* **Goal of the exercise**: Among the entries below, only the lines starting at the one with "Snimka zaslona za gundamplanet.com" and ending at the one with "WI license plate 278ODP", both included, are to be printed exactly.

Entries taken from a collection

• • • • •

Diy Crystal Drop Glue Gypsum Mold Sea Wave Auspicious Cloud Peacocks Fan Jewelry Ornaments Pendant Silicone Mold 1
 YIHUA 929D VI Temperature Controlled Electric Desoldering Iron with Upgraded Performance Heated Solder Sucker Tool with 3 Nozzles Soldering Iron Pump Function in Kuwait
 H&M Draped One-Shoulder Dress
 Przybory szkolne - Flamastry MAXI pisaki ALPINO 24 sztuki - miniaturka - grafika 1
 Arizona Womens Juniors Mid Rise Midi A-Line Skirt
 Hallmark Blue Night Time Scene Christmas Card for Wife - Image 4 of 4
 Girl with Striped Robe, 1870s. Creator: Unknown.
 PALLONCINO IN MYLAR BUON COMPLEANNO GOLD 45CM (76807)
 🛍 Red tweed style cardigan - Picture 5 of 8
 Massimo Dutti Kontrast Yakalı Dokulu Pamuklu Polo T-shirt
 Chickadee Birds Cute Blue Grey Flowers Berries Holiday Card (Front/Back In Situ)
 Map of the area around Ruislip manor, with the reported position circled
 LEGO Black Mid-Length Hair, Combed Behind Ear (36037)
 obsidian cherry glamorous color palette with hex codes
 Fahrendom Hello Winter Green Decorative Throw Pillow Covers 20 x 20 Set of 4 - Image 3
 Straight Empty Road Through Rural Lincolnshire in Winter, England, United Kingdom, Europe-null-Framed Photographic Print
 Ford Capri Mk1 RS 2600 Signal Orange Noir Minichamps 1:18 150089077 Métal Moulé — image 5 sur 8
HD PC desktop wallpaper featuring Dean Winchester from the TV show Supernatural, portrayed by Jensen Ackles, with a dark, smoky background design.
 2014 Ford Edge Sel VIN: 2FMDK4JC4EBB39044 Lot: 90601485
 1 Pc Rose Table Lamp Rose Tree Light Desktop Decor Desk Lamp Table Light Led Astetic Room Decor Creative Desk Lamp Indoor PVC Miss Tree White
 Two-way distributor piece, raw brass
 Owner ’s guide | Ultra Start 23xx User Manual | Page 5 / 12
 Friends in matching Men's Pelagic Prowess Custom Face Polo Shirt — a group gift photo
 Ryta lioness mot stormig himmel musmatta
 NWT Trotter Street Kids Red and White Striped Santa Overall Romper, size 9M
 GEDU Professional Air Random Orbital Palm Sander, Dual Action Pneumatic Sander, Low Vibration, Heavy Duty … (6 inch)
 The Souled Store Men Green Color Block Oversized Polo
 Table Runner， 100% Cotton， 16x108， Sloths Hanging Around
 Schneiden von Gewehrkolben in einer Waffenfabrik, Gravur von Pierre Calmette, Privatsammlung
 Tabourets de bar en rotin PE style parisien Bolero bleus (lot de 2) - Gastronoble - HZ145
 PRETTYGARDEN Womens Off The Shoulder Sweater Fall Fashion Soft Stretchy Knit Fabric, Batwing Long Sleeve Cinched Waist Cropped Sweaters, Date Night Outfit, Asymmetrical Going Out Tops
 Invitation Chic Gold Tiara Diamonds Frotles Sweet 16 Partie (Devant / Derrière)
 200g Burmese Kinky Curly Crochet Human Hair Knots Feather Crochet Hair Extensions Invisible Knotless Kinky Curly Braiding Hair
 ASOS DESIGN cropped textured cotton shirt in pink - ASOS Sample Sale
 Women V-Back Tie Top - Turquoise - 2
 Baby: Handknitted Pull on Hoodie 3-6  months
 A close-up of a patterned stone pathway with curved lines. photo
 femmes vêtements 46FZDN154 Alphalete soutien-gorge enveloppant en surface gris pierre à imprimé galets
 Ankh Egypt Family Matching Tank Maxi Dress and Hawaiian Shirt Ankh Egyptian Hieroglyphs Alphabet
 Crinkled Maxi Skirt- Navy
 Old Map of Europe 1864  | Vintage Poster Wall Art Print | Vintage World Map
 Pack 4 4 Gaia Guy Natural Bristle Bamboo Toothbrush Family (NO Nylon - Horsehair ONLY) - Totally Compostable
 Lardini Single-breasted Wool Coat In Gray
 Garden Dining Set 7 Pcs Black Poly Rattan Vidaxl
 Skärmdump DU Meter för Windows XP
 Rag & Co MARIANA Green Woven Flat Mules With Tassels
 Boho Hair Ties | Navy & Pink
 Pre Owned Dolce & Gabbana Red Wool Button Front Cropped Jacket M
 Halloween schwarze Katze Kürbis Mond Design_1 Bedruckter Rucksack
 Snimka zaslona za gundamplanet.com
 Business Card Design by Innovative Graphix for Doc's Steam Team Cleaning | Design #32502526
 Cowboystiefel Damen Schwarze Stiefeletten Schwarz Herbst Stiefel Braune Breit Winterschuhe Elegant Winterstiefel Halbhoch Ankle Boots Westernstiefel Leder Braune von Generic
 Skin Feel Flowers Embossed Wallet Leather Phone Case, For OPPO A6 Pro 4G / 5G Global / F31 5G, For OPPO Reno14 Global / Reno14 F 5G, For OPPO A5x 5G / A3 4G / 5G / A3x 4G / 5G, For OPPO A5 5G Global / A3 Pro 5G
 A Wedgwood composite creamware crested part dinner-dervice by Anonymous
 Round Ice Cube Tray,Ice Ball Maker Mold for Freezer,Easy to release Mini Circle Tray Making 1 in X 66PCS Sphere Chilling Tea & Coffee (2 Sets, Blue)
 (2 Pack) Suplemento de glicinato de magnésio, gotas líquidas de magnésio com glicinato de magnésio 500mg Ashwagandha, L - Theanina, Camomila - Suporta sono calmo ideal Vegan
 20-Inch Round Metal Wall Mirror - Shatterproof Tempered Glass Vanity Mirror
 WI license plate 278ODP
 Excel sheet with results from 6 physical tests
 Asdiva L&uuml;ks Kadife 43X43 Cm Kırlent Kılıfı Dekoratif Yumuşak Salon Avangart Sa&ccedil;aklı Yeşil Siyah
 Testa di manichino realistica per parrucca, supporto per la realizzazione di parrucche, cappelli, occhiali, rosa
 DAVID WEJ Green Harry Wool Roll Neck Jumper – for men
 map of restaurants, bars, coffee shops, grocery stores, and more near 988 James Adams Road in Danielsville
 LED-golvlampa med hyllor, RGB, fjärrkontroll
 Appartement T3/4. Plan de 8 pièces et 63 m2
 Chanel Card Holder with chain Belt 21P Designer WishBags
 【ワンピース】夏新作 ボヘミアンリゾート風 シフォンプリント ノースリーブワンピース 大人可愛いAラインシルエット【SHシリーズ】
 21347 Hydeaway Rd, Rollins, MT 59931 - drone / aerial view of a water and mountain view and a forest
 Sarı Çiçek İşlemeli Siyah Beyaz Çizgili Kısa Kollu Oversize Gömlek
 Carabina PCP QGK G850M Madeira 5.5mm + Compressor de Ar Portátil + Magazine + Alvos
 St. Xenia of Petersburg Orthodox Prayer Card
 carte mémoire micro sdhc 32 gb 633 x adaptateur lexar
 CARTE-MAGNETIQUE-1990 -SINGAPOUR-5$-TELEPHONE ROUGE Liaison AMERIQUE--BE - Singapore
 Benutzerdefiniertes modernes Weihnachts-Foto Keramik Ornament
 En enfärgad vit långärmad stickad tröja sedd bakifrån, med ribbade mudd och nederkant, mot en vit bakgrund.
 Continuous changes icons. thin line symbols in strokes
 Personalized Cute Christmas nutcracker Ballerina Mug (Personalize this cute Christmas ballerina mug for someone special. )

• • • • •

* **Answer to this problem**:
 Snimka zaslona za gundamplanet.com
 Business Card Design by Innovative Graphix for Doc's Steam Team Cleaning | Design #32502526
 Cowboystiefel Damen Schwarze Stiefeletten Schwarz Herbst Stiefel Braune Breit Winterschuhe Elegant Winterstiefel Halbhoch Ankle Boots Westernstiefel Leder Braune von Generic
 Skin Feel Flowers Embossed Wallet Leather Phone Case, For OPPO A6 Pro 4G / 5G Global / F31 5G, For OPPO Reno14 Global / Reno14 F 5G, For OPPO A5x 5G / A3 4G / 5G / A3x 4G / 5G, For OPPO A5 5G Global / A3 Pro 5G
 A Wedgwood composite creamware crested part dinner-dervice by Anonymous
 Round Ice Cube Tray,Ice Ball Maker Mold for Freezer,Easy to release Mini Circle Tray Making 1 in X 66PCS Sphere Chilling Tea & Coffee (2 Sets, Blue)
 (2 Pack) Suplemento de glicinato de magnésio, gotas líquidas de magnésio com glicinato de magnésio 500mg Ashwagandha, L - Theanina, Camomila - Suporta sono calmo ideal Vegan
 20-Inch Round Metal Wall Mirror - Shatterproof Tempered Glass Vanity Mirror
 WI license plate 278ODP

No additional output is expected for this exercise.